Ben Whishaw and Abbie Cornish in Apparition's Bright Star
At 23-years of age, poet John Keats (Ben Whishaw) is not a success. His latest effort Endymion has not met with either critical or public acclaim, and while best friend Mr. Brown (Paul Schneider) remains certain people will ultimately see his fellow writer’s genius the young man isn’t nearly as positive.
Fanny Brawne (Abbie Cornish) is not a fan of poetry or of the written word. She is an outspoken student of fashion, designing clothes unlike those worn by any other fashionable 18-year-old woman in London. She appreciates quick wit and enjoys a good verbal joust, unimpressed by literature and doesn’t understand why a person of quality would dare pursue it.
But Fanny cannot help but be moved by John’s apparent devotion to his sickly younger brother Tom (Olly Alexander) while he is in turn moved by her heartfelt efforts to provide him some assistance. Soon the pair strikes up a pleasant friendship, but when Mrs. Brawne (Kerry Fox) moves her family into the same house where Mr. Brown and Mr. Keats maintain their own residence things quickly escalates between the couple. Soon their romance begins to overpower everything else, and while everyone around them knows it cannot last Fanny and John become positive their love will last the remainder of their lifetimes.
Writer and director Jane Campion’s Bright Star, her first film since 2003’s abysmal In the Cut, is a glorious return to form for the Oscar-winning (The Piano, Best Original Screenplay) New Zealand auteur. Based on Keats’ own letters and a variety of biographical works, the movie is on the surface a rather simplistic and straightforward love story. But Campion delves deeper than that, her drama a spectacularly multilayered and complex coming of age saga of genius unleashed and the price of handing over your heart to it.
The film in many ways is itself a poem. It is filled with its own stanzas, its own rhymes, its own phrasings, each transition a moment for a change in alliteration or cadence. Cinematographer Greig Fraser’s (the upcoming The Boys Are Back) camera glides with shimmering simplicity, while composer Mark Bradshaw’s score cuts in and out like an elegant accent hiding atop an important syllable.
The actors play into this as well. Both Cornish and especially Whishaw deliver superb performances, both of them playing one off the other as if she were anapest and he were dactyl and together they had found some way to put aside their differences in order to blissfully coexist. It is as if in the pair’s coming together they have found a familiar consonance, just the sight one of the other enough to provoke a repetition of emotional responses that almost can’t help but build into something eternal and timeless.
It almost goes without saying that thanks to Campion’s take on things there is a supremely measured pacing to the narrative structure that some will undoubtedly find more than a bit slow. The filmmaker also seems to take for granted that audiences are going to be perfectly okay with the fact that she only paints the dynamics of Fanny’s family in the simplest of brushstrokes, a turn of the head or a finger sweeping a loose hair from the face all that’s required to understand just how deep their familial bonds go.
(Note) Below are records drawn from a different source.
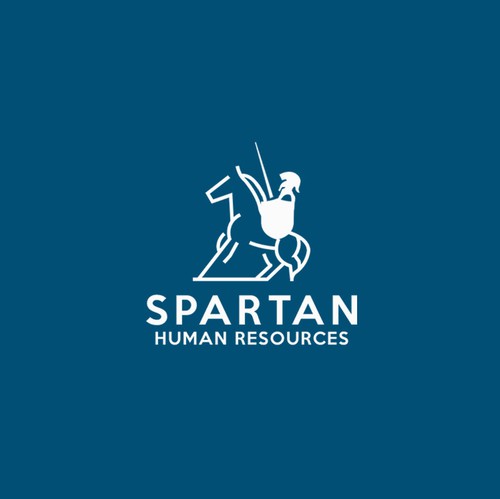 Spartan logo with the title 'Spartan - Logo Design'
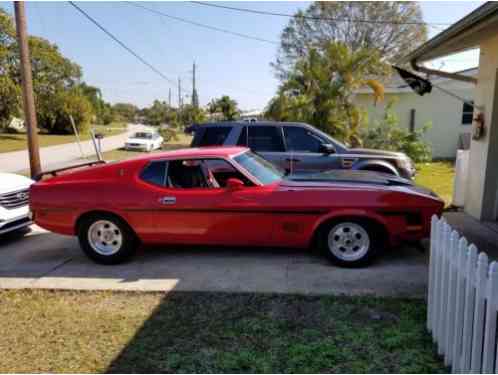 Ford Mustang red/blk (1973)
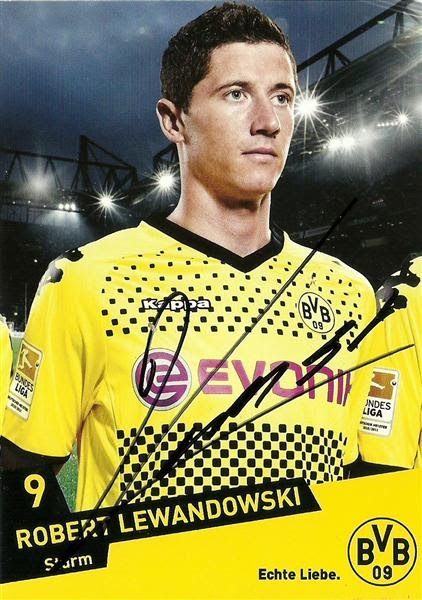 Autografy-Gwiazd: Autograf Robert Lewandowski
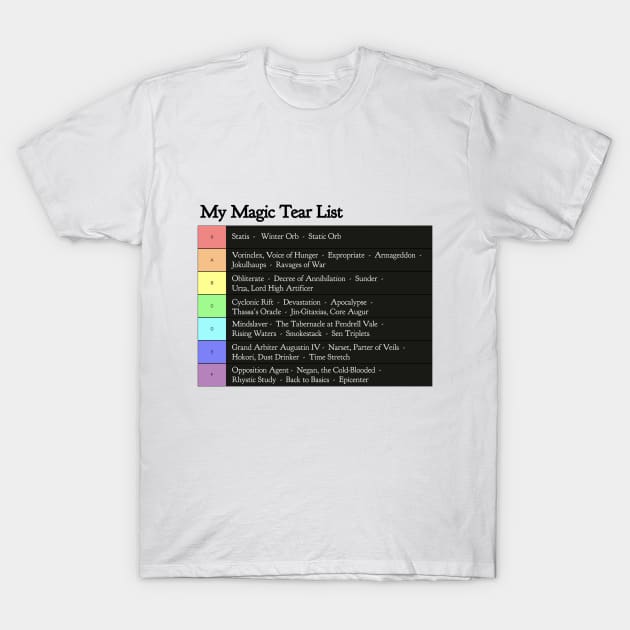 My Magic Commander "Tear" List T-Shirt by LP Designs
For my part, I was fine with this take on the subject matter on the filmmaker’s part. I tend to find more can be said with a doting smile or a sincere embrace than pages of dialogue are ever able to duplicate. I appreciated the leisurely pace, was happy Campion took her time to explore the young couple’s relationship treating with the value and the respect it deserved.
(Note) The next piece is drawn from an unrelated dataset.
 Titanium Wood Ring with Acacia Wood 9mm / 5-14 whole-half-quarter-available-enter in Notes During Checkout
If anything, my only complaint is with the way historical fact intrudes upon my own romantic fantasies. Keats life is not a mystery, and while I’m not going to say exactly what happens I will say there was a moment when Fanny’s pain essentially became my own. And yet, like the author’s elegiac prose, I was so captivated by both the film and this relationship my pain gave way to dreamy euphoria. Bright Star isn’t just a superlative achievement, for director Campion it might just be her best work yet.